Exercise requirements »
Scan the records below for the line containing "Đồ Bộ Bà Ba" and the line containing "insolite arbre rebelle travers tronc". Copy both, plus every line between, exactly.

Short descriptive text snippets:

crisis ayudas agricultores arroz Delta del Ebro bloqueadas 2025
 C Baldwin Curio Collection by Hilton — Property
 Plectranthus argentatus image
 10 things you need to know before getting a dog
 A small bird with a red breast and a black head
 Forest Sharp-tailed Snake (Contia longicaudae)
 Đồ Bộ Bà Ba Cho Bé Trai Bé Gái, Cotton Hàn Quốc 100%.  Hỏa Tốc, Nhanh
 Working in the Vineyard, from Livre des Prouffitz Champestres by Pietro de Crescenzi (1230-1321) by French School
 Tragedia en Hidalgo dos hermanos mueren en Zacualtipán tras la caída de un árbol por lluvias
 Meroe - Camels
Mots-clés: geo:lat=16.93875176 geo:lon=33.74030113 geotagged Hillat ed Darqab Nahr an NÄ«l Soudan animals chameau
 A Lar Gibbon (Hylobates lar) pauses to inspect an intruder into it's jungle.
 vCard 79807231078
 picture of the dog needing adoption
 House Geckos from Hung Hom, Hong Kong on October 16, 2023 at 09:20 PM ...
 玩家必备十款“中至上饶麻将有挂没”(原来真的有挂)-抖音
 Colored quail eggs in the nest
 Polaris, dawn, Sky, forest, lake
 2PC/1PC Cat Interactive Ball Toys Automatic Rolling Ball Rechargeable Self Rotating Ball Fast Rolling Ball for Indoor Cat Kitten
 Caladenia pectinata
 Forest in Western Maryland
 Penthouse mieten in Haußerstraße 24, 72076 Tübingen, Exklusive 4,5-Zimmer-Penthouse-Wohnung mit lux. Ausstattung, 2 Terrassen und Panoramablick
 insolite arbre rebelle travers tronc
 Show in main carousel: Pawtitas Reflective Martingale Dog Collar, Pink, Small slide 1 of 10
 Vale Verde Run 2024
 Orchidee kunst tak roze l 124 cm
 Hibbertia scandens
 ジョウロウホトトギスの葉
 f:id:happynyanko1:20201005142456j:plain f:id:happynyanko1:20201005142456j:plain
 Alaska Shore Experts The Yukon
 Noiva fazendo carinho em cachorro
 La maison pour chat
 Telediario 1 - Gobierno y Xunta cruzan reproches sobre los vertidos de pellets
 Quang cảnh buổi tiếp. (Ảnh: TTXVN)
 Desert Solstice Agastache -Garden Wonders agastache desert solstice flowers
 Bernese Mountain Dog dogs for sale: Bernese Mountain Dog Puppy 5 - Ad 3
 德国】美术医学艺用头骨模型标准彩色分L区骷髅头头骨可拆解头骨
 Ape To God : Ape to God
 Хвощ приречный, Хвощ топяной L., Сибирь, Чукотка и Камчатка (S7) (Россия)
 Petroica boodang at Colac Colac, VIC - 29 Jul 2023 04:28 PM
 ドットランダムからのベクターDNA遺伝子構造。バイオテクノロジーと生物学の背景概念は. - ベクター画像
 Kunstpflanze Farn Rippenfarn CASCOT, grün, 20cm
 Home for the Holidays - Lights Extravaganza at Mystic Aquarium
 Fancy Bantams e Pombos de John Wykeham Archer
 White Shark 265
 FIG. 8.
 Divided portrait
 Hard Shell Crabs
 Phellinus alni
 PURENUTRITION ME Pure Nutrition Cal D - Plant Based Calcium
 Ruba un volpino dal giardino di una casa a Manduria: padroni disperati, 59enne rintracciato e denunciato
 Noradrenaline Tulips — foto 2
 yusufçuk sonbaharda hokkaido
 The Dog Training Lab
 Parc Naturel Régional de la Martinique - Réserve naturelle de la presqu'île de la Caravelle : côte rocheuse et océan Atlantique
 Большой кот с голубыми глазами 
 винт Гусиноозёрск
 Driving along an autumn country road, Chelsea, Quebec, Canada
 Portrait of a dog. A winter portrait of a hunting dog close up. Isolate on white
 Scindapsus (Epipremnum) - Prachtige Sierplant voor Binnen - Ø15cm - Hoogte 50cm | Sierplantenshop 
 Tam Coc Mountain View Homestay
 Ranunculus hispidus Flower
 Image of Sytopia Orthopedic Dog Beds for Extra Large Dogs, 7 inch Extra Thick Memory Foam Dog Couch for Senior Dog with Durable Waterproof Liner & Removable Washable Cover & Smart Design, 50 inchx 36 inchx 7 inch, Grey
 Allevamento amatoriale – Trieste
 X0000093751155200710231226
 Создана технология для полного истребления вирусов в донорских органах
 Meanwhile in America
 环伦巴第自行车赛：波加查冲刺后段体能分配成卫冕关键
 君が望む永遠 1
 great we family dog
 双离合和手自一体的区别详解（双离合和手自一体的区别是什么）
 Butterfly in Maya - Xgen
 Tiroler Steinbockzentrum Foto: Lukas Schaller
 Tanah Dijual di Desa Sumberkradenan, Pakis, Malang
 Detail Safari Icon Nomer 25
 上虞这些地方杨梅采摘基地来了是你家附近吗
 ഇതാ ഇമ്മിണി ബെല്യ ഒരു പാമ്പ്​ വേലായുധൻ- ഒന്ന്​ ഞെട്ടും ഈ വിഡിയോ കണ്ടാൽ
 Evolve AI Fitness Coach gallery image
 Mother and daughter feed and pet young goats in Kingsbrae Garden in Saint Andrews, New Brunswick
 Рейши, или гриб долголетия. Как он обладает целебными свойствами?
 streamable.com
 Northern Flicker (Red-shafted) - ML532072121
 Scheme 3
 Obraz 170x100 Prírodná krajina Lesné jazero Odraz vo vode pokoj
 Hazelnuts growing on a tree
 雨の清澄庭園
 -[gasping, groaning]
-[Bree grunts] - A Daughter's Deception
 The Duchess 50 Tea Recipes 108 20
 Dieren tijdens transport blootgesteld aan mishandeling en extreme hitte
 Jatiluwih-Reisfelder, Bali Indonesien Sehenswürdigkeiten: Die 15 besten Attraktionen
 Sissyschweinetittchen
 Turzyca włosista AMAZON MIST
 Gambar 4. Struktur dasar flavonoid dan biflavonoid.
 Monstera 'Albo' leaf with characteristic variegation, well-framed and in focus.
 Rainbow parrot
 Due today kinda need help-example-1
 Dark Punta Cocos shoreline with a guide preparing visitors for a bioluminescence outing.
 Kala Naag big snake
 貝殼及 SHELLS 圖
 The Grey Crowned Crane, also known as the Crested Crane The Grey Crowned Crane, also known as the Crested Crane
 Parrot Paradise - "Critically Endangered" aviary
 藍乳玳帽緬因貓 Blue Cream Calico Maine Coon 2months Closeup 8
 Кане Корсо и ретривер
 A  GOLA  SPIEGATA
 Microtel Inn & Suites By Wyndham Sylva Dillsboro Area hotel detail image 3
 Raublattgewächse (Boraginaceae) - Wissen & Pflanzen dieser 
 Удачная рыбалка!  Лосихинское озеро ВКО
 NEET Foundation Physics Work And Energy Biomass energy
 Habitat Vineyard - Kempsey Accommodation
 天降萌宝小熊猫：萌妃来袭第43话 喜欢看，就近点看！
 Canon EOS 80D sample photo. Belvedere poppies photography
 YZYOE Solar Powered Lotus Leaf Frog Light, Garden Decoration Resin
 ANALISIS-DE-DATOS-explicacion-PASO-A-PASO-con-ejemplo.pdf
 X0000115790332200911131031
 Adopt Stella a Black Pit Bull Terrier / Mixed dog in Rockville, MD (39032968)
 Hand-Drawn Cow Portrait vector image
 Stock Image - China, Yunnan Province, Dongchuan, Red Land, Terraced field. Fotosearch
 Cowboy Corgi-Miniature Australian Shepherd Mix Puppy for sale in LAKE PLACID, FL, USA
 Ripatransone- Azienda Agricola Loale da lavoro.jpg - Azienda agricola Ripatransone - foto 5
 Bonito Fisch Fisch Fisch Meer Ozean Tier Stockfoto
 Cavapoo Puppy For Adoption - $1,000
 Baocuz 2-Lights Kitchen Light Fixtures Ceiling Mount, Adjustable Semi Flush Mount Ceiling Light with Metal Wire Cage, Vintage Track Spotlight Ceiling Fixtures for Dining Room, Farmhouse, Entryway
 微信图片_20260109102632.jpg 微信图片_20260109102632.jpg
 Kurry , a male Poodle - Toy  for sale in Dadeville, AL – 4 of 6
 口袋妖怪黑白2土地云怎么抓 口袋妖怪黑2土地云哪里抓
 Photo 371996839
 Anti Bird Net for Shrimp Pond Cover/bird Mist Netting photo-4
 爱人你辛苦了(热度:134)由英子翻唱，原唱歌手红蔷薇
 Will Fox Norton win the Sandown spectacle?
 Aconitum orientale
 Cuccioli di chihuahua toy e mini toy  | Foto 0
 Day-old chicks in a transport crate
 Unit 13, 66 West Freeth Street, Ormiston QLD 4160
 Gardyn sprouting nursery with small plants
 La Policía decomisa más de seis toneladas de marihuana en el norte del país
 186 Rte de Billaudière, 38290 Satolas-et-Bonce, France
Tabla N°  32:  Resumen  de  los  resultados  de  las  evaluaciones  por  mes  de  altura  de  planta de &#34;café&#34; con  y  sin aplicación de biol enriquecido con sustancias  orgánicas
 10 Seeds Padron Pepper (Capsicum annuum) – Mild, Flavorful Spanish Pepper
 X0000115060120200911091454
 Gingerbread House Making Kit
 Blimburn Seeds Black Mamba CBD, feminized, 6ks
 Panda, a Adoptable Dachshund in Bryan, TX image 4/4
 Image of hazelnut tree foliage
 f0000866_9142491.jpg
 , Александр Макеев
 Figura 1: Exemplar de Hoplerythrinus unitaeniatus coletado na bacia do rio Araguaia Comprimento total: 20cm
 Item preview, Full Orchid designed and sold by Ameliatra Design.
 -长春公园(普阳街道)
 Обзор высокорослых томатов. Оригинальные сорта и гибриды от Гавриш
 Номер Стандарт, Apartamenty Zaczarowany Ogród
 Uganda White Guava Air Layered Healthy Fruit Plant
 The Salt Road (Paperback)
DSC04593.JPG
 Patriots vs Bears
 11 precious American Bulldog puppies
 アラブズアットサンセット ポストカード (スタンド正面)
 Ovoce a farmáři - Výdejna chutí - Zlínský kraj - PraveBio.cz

Response to this task »
 Đồ Bộ Bà Ba Cho Bé Trai Bé Gái, Cotton Hàn Quốc 100%.  Hỏa Tốc, Nhanh
 Working in the Vineyard, from Livre des Prouffitz Champestres by Pietro de Crescenzi (1230-1321) by French School
 Tragedia en Hidalgo dos hermanos mueren en Zacualtipán tras la caída de un árbol por lluvias
 Meroe - Camels
Mots-clés: geo:lat=16.93875176 geo:lon=33.74030113 geotagged Hillat ed Darqab Nahr an NÄ«l Soudan animals chameau
 A Lar Gibbon (Hylobates lar) pauses to inspect an intruder into it's jungle.
 vCard 79807231078
 picture of the dog needing adoption
 House Geckos from Hung Hom, Hong Kong on October 16, 2023 at 09:20 PM ...
 玩家必备十款“中至上饶麻将有挂没”(原来真的有挂)-抖音
 Colored quail eggs in the nest
 Polaris, dawn, Sky, forest, lake
 2PC/1PC Cat Interactive Ball Toys Automatic Rolling Ball Rechargeable Self Rotating Ball Fast Rolling Ball for Indoor Cat Kitten
 Caladenia pectinata
 Forest in Western Maryland
 Penthouse mieten in Haußerstraße 24, 72076 Tübingen, Exklusive 4,5-Zimmer-Penthouse-Wohnung mit lux. Ausstattung, 2 Terrassen und Panoramablick
 insolite arbre rebelle travers tronc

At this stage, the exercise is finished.